Según estadísticas, el habitante urbano pasa entre el 80 y el 90% del día en ambientes cerrados, en general con mala calidad de aire interior, es decir, que puede estar contaminado en mayor o menor grado. Dado lo novedoso del tema, la ciencia no ha determinado aún la magnitud de los riesgos de estos venenos. Pero cada vez son más las personas que desarrollan alergias intensificadas, que se conocen como Enfermedad Ambiental, o Sensibilidad Química Múltiple. Y aunque para algunos profesionales de la salud se trata de problemas inexistentes o de orden psicológico, son muchos los casos en que ha mejorado la situación modificando el espacio en el que habitan.
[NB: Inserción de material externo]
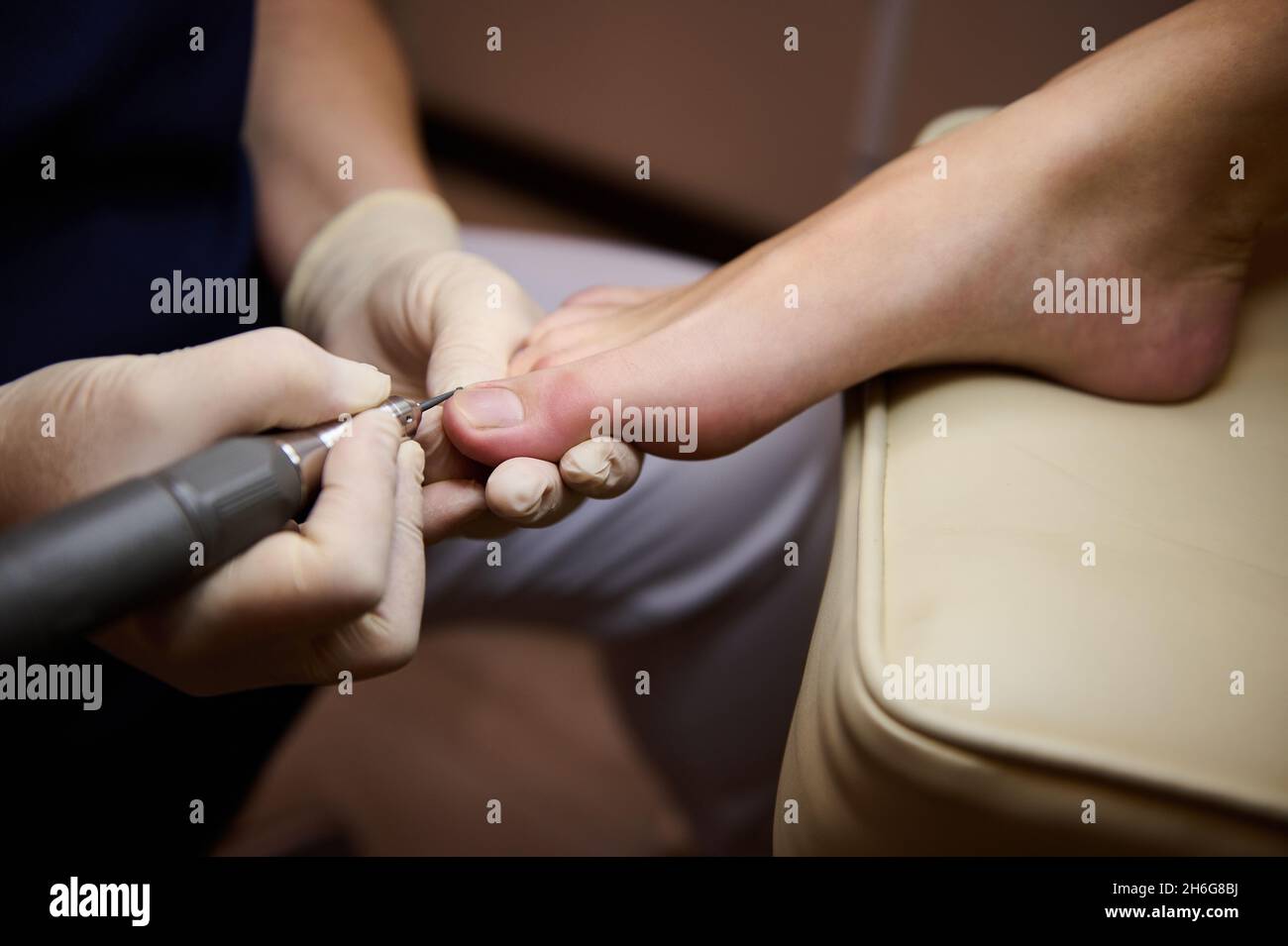 Professional pedicure using dieffenbach scalpel.Patient visiting  podiatrist.Medical pedicure procedure using special instrument with blade  knife holder.Foot treatment in SPA salon.Podiatry clinic Stock Photo by  ©juriymaslak.gmail.com 391840394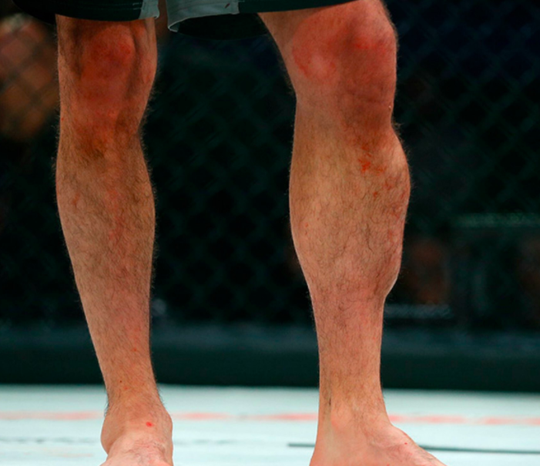 Gehavende MMA'er MacDonald pakt wereldtitel met compleet kapot geschopt been (video)
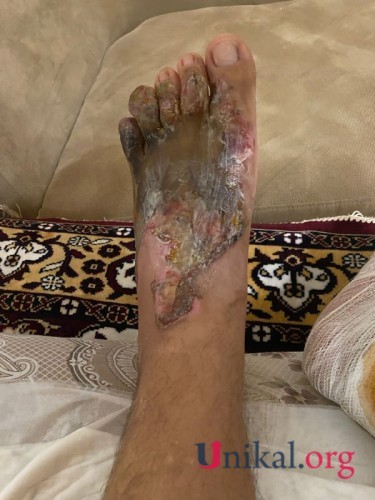 "HB Güvən" klinikasının professoru qazinin ayağını görün nə hala saldı- FOTOLAR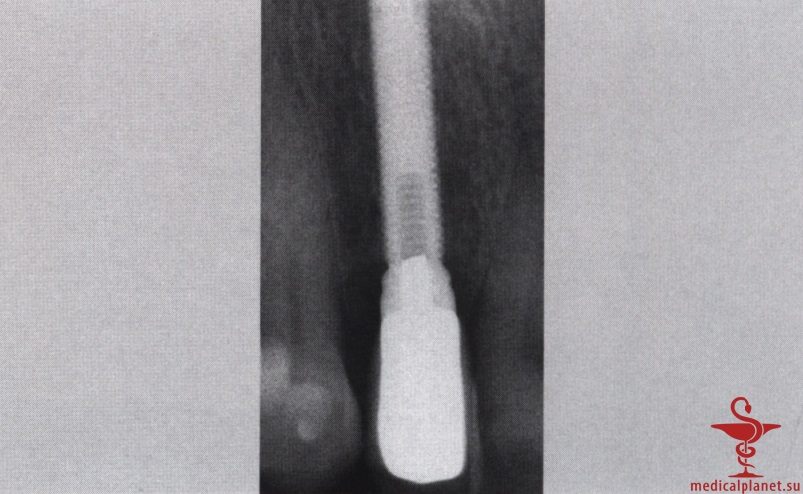 ���������������� ������ ����������� ����������� ����� � ����������� �������� ����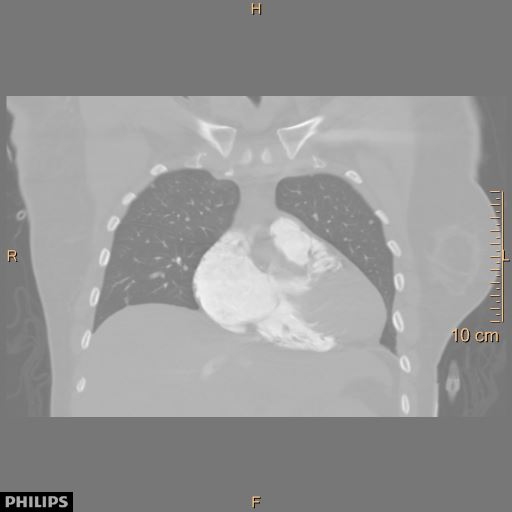 File:Acute reversible pulmonary hypertension and right heart failure from cocaine toxicity (Radiopaedia 49394-54517 Coronal C+ CTPA 11).jpg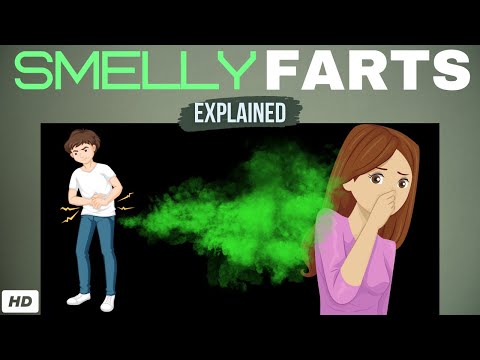 Causes Of Smelly Farts Sengeek Causes Of Smelly Farts Sengeek
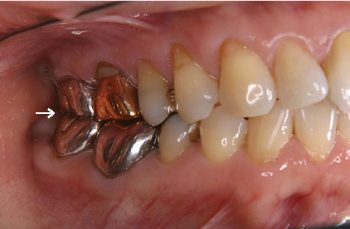 歯冠修復症例15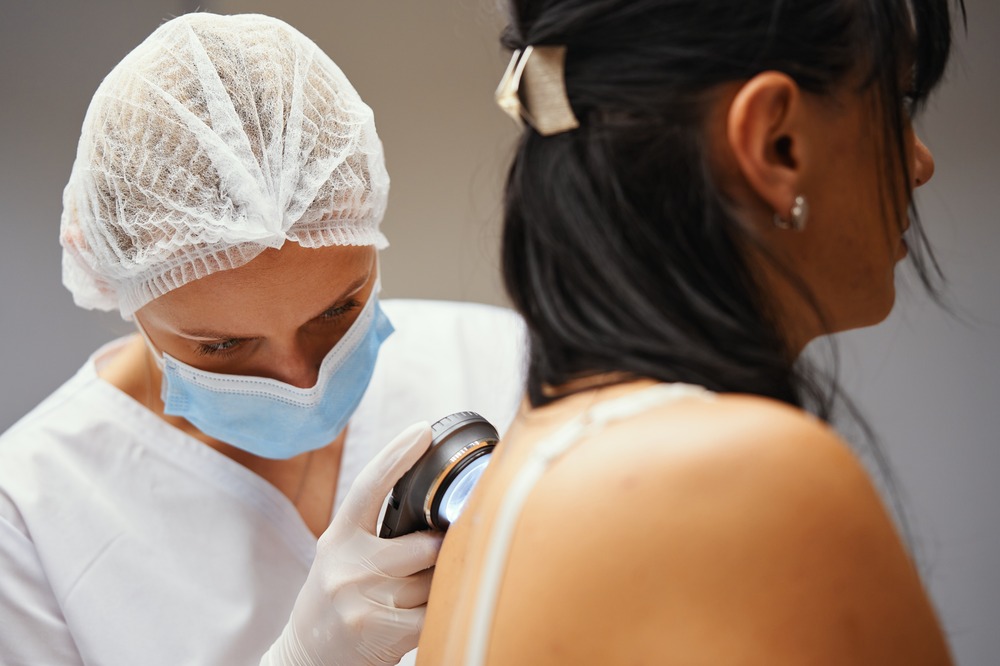 Dermatologist examines female patient's mole on her back. Medazur Medical Clinic in Leytonstone.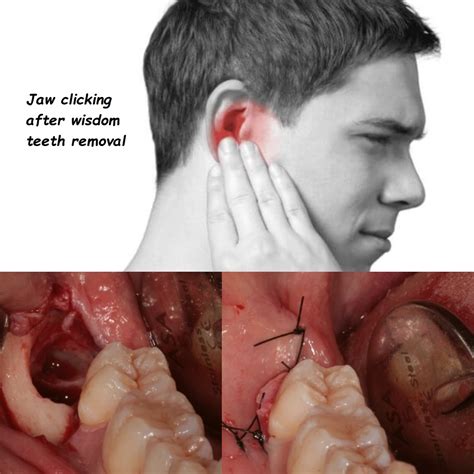 Wisdom Tooth Removal USA: Top Clinics and Expert Advice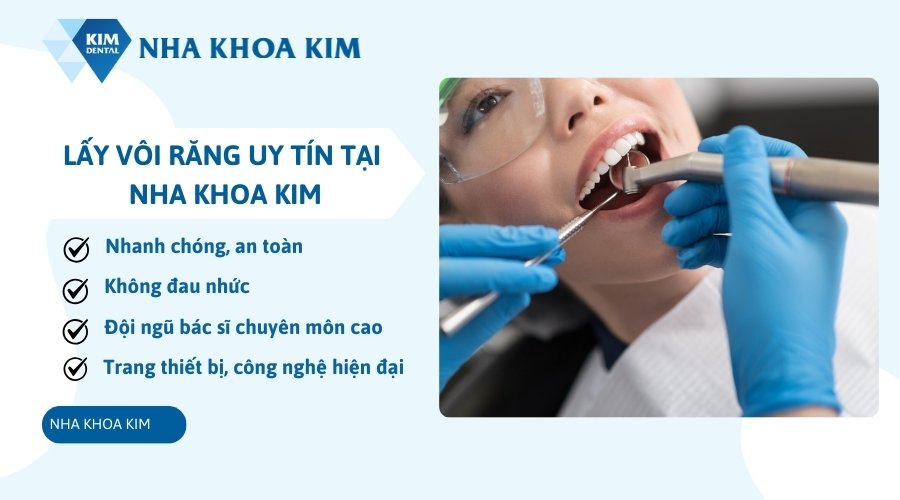Nha Khoa Kim - Địa chỉ lấy vôi răng uy tín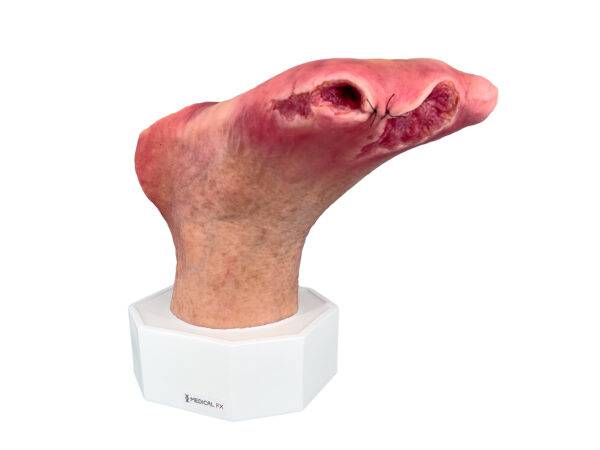 Das „Sockelmodell Diabetisches Fußsyndrom mit 7 Wunden" von MEDICAL FX Germany visualisiert präzise die Folgen des diabetischen Fußsyndroms. Die dargestellten Wunden umfassen Zehe…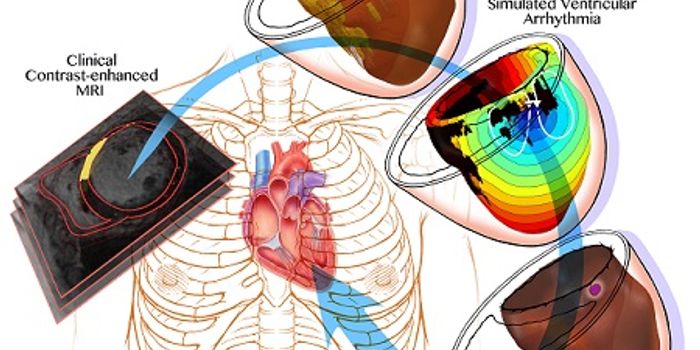 3D Virtual Stimulation Detects Irregular Heartbeats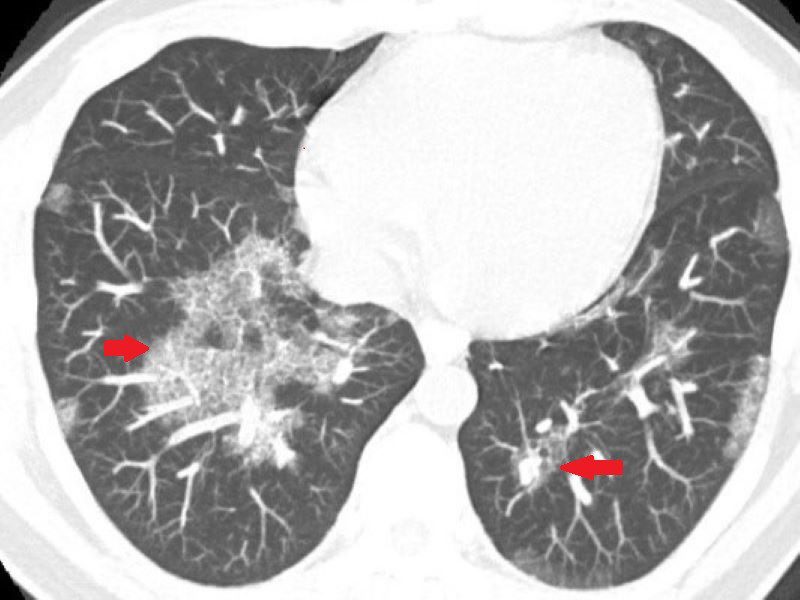 肺部白影非肺炎！竟是蛋白質沉積症 全肺灌洗恢復健康呼吸 20250827 1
El concepto de espacio saludable incluye tambien aspectos ergonómicos, como iluminación adecuada para cada actividad, control de los niveles de ruido, condiciones termohigrométricas, mobiliarios, colores. Todos elementos que pueden hacer que el lugar sea un paraiso o por el contrario, producir situaciones de disconfort que potencian el estrés.
Sin duda para construir la casa sana debemos comenzar por elegir un sitio adecuado y ubicar la casa en relación a las energías y los ritmos de la tierra, buscando buenas orientaciones y visuales, pero aun si vivimos en la ciudad, podemos introducir modificaciones que nos ayuden a mejorar la salud de nuestro hogar u oficina.